Thanks :) I love that I'm not the first/only one to do one of these in Brainfuck (especially in direct response to Ben's series).
I have a feeling the approach I take will follow from whatever I decide for RAM zeroing. The purist in me is still a bit put off by the idea of preprocessing. It feels more like a compiler+CPU rather than just a CPU. If I go the "highest address counter" approach where I synthesize zeros the first time a RAM location is passed, I probably won't do the loop pre-processing.
I could do a hybrid approach where both jump points are indexed the first time the loop is scanned. This would achieve amortized constant time. I think I could live with that...
Not yet! I have a bit of work to do before trying to show this project. There's a MENTAL-2 being built right now, and a few software tools I need to clean up. Hoping to get it up to at least 1MHz.
This is really amazing. In addition to the interesting project this individual has a great gift for articulating everything in a concise manner and with a very pleasant cadence. What a great teacher. Thanks for sharing. I'm looking forward to seeing the rest of this series.
If you only have a limited amount of time I would highly recommend the control logic video:
Hi ben, how do you feel about minecraft as a tool to learn about and practice computer design? Most of my comp-eng work has been in minecraft, but i constantly feel as if it isnt quite 'legit'. The main reason i used it is because it has no cost for components.
I'm not OP but speaking solely for myself, Minecraft has really turned me back on to all the logic design stuff. For example, see my single-push-button castle gate control, http://imgur.com/a/tBzJh. Of course, Minecraft physics aren't the same as real physics, but I think this is a great way to introduce anyone to circuits. It's certainly a lot more fun than the various exercises I had to do in my college EE classes.
Amazing Ben! Your videos are great!! But I have a question for everyone. Once built, what do you do with it? Yes it's an amazing learning project, but after it's complete I'd like to put it in a case maybe for display. Just not sure what would be best or what code would be most interesting to display. Perhaps replacing the 555 clock with a RTC DS1307 and using it as a time piece?

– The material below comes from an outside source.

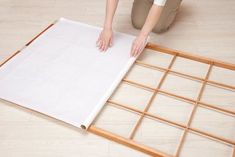 a person kneeling on the floor next to a sheet of paper that has been cut into squares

He explains everything i wish i had the ability to ezplain about computers. I jave a feeling that this is going to be the 3blue1brown of computer enegineering.
I've been building PCBs for this series in my spare time for the past couple months, this last weekend I finished the design for the ALU: https://github.com/lelandbatey/custom_cpu--ALU
I've then been having them manufactured in China for, which you can have done for ~$15 for 5, shipped. It's very satisfying to have finished fancy PCBs to solder together, and I've learned so much about electronics, PCB design, and small scale board manufacturing since starting this project!
They're by far the cheapest I've found. They charge $5 for 5 PCBs, with a 10cmx10cm area each. The cheapest shipping at $6 will get them to you in about 20 days from order date, while the Shenzhen DHL shipping option will get them to you in about 7 days from order date. At least, that's been my experience ordering from them.
I'd love it if Ben sold a single package kit that had everything and printed instructions inside of it. It would be a fun thing for bored highschool students or university students.
Maybe it could even have a PCB that has everything socketed like a breadboard except closer together.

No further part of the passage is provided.